- Goal of the exercise
Look below and pull out each line with the word "Family".

══════

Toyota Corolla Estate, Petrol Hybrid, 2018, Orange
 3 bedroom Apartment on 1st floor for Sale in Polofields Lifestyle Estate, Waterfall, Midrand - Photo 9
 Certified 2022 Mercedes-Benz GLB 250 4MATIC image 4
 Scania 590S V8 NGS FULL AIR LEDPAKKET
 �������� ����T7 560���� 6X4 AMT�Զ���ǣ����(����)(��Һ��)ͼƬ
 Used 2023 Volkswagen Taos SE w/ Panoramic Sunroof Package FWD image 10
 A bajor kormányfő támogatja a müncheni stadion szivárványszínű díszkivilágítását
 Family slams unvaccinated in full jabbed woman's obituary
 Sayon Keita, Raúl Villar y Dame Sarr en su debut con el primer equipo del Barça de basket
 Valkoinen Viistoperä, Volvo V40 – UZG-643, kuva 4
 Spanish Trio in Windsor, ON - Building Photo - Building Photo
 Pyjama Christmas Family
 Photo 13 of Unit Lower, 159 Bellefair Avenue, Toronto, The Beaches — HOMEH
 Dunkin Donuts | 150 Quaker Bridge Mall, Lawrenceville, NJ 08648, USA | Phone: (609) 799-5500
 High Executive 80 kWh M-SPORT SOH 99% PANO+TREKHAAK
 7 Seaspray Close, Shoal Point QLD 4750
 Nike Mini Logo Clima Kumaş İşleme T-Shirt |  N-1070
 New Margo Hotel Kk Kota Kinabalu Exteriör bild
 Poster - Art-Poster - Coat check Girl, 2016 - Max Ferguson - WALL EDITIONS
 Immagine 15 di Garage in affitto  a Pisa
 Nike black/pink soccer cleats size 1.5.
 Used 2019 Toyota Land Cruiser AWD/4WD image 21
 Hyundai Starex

══════

- Result of this exercise
 Family slams unvaccinated in full jabbed woman's obituary
 Pyjama Christmas Family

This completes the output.